Thanks to Congress, the new standard WILL be adopted eventually. Affected parties can implement the new standard now if they prefer, but FCC is looking for input on when compliance with the new standard should be required.
If you’re a TV licensee or MVPD provider and you thought that you had a firm handle on your CALM Act obligations, think again. The CALM Act standards are in the process of evolving, and you (along with the Commission) will be having to play catch-up ball. The most recent demonstration of this? An Order and Further Notice of Proposed Rulemaking (O/FNPRM) announcing a new “successor” “Recommended Practice” featuring an “improved loudness measurement algorithm” that must be incorporated into the gear necessary to assure CALM Act compliance.
If you’re a bit hazy on the CALM Act, check back on our previous posts for a refresher course (here and here would be good places to start). It’s the law intended to exorcise the Demon of Loud Commercials from the TV-watching experience. Congress enacted it in 2010, the FCC adopted rules for its implementation in 2011, and those rules kicked in in 2012.
An unusual aspect of the CALM Act is that it requires the Commission to incorporate into its rules standards adopted by the Advanced Television Systems Committee (ATSC) relative to loudness measurement. The statute leaves the FCC no discretion at all: it specifies with precision the particular ATSC standard to be used, and it requires the FCC to incorporate that standard not only as it existed in 2010 (when the Act was passed), but also as it might be revised by ATSC from time to time going forward.
And sure enough, in March, 2013 – a bare three months after the CALM Act rules first took effect – ATSC published a revised version of the standard.
What we’re talking about is known to the cognoscenti as the “ATSC A/85” Recommended Practice (RP). The latest and greatest version – dubbed ATSC A/85:2013, or the “Successor RP” – updates the loudness measurement algorithm in order to conform with the correspondingly updated version of the International Telecommunication Union’s BS.1770 measurement algorithm, “BS.1770-3”.
Since Congress ordered the FCC to follow ATSC’s lead, the FCC has to do so. So while the O/FNPRM does not itself automatically adopt the new standard, the new Successor RP standard will be adopted without question.

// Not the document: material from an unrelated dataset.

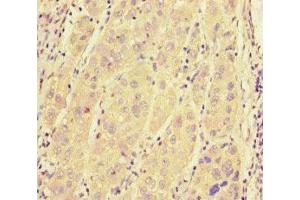 Immunohistochemistry of paraffin-embedded human liver cancer using ABIN7168958 at dilution of 1:100 (SRRM2 Antikörper  (AA 248-462))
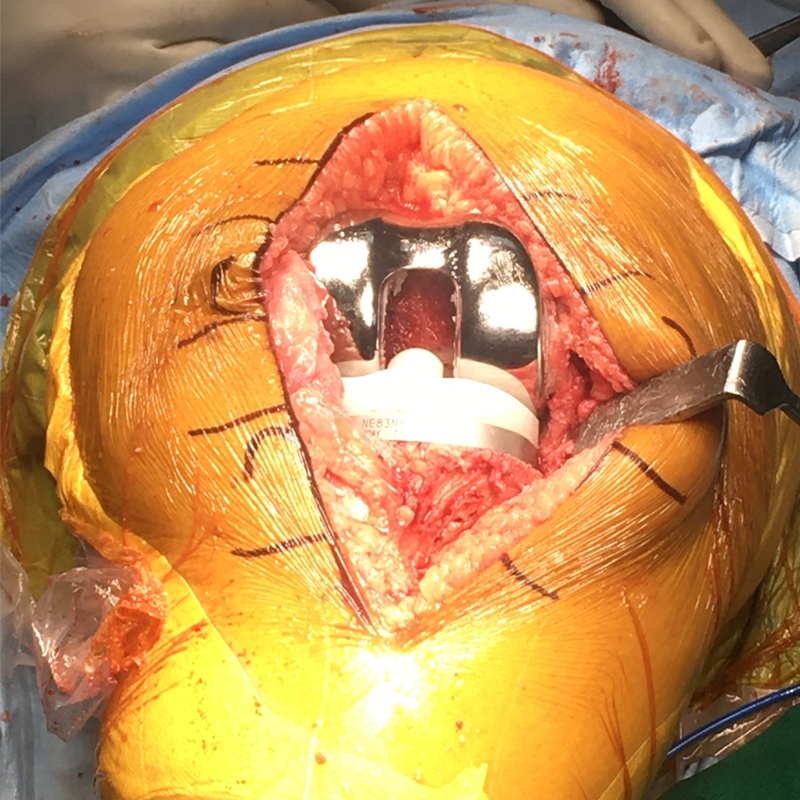 Total Knee Bone Removed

What the FCC is particularly interested in now, though, is when to require compliance with the new standard.
For those who have already sought to comply with the original ATSC A/85 RP, the Successor RP may necessitate some software or device upgrades. The Commission is inclined to give everybody a year (starting from the release of an order incorporating the Successor RP into the rules) to comply with Successor RP. But since it’s not at all clear at this point exactly how much time, effort and expense may be involved in such upgrades, the FCC wants to hear from any and all affected licensees/MVPD systems. In particular, it is interested in situations where already-purchased equipment is not easily upgradable or implementation of the Successor RP would be “significantly burdensome” for some reason. The FCC also wants to know whether small TV stations and MVPD might need additional time to implement the Successor RP.
Meanwhile, since adoption of the Successor RP is a foregone conclusion, the Commission makes clear that anyone wishing to implement that new standard now may do so, even though the rules (at least for the time being) will continue to specify the original 2011 version of ATSC A/85. All others will still be required to comply with that original version until the new standard is formally incorporated into the rules and takes effect. Bottom line: TV licensees and MVPD operators have to comply with “either the BS.1770-1 measurement method in the Current RP or the BS.1770-3 updated measurement method in the Successor RP”.
Deadlines for comments and reply comments in response to the O/FNPRM have not yet been set. Check back here for updates.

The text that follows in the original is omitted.